A group of accounting experts has urged Congress not to use book income as the basis for levying a 15% minimum corporate tax to help pay for President Biden’s “Build Back Better” legislation.
Sens. Elizabeth Warren, Angus King, and Senate Finance Committee Chairman Ron Wyden proposed the tax as an alternative to the Democrats’ original plan to raise the corporate income tax rate to at least 25% from the current 21%.
The 15% minimum tax would apply to companies that make $1 billion or more in book income — that is, the amount of income corporations publicly report on their financial statements to shareholders — for three consecutive years, which means roughly 200 corporations, according to the sponsors.
But in a letter to Wyden, more than 200 accounting professors said using financial accounting income, rather than taxable income, as the basis for the tax risks politicizing accounting rules, encouraging companies to distort their financial results, and unnecessarily complicates tax calculation.
“It would be cleaner and simpler to just fix the tax code if there are perceived problems with the tax system,” the letter said.
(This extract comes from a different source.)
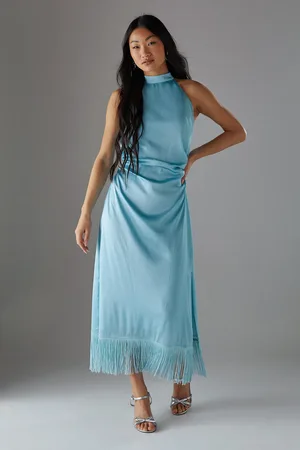 warehouse Petite Crinkle Satin Halter Fringe Midi Dress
“Imposing tax according to adjusted financial statement income takes the definition of taxable income out of Congress’s hands and puts it into the hands of industry regulators and others.”
— AICPA
The American Institute of CPAs also urged lawmakers last week to reconsider their approach to a minimum corporate tax, saying that “Imposing tax according to adjusted financial statement income takes the definition of taxable income out of Congress’s hands and puts it into the hands of industry regulators and others.”
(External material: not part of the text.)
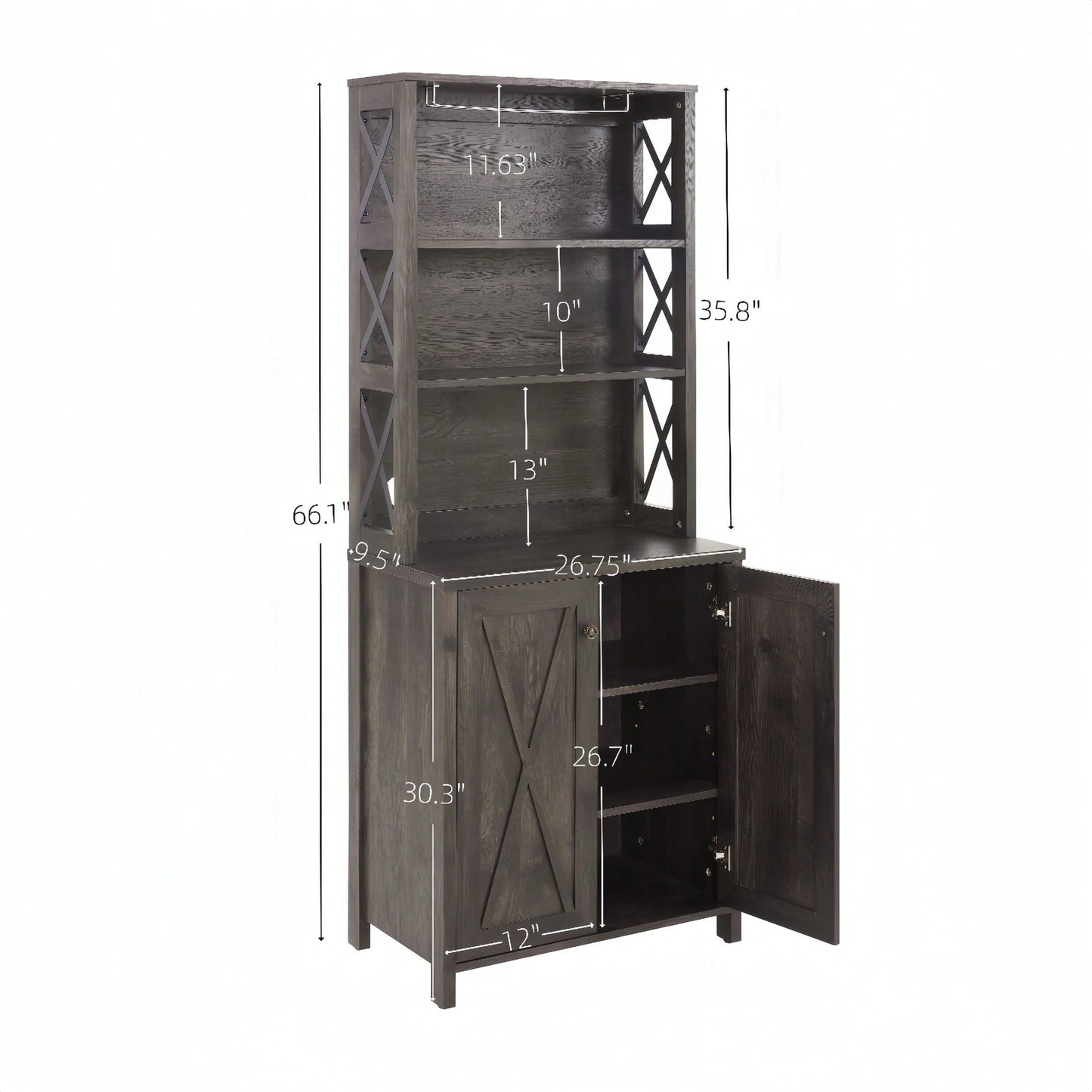 Charcoal Gray Coffee Bar Cabinet with Microwave Stand and Metal Frame Hollow Out Barn Design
According to the new letter, the proposal would compromise the ability of the Financial Accounting Standards Board to “be free from lobbying and ideally arrive at the most appropriate financial accounting standards.”
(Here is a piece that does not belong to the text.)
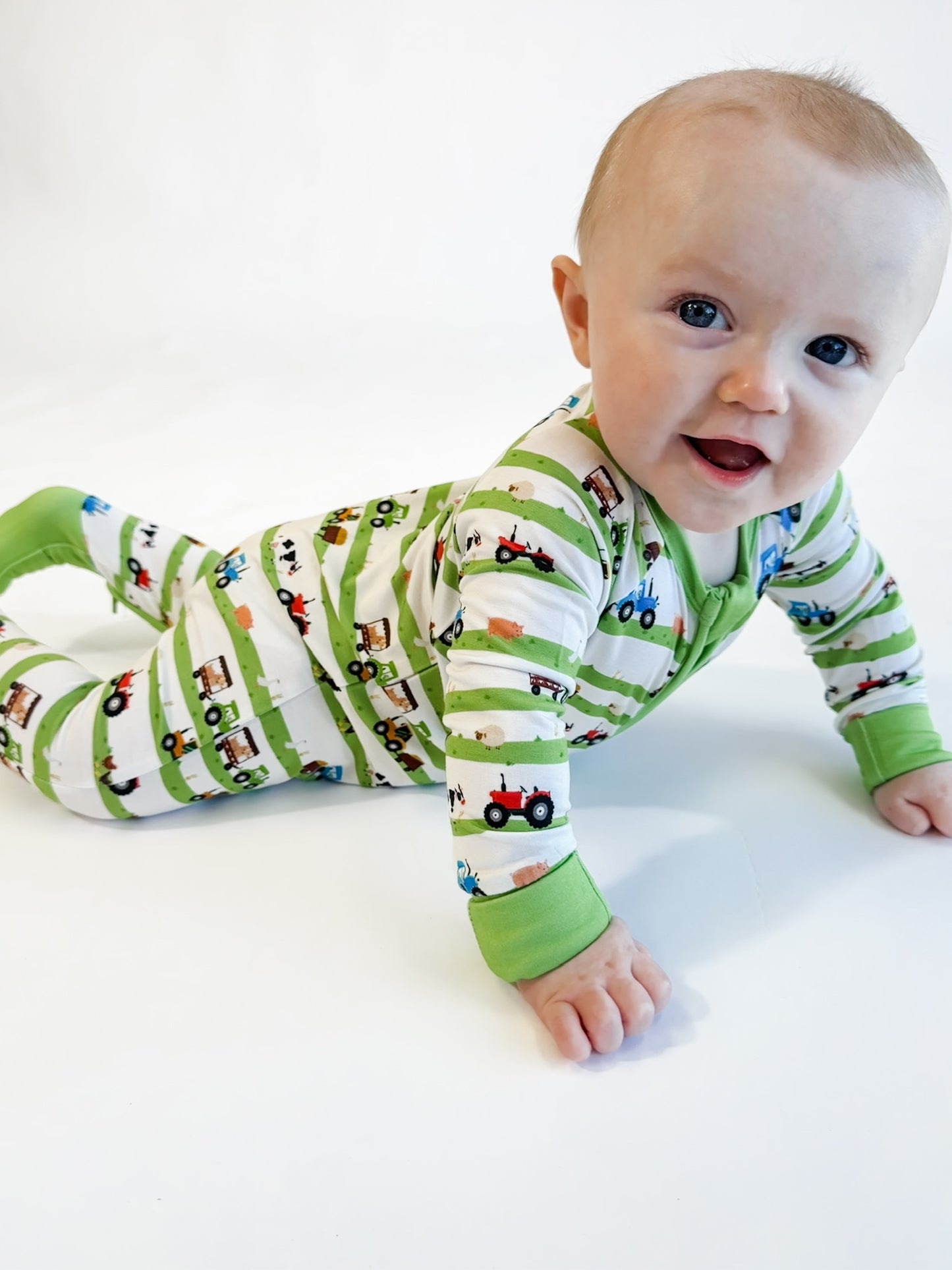 LS Zip PJ- Farm Stripe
Another risk is that “companies will alter their reporting and report lower financial accounting earnings than they would in the absence of this tax.” The letter cited academic research that examines previous experiences of including financial accounting in the tax base and increasing conformity of financial accounting and taxable incomes.
Such behavior by corporations “will lower the quality of financial accounting earnings, will lead to less information provided to the capital markets from financial accounting, and result in less efficient capital allocation,” it said.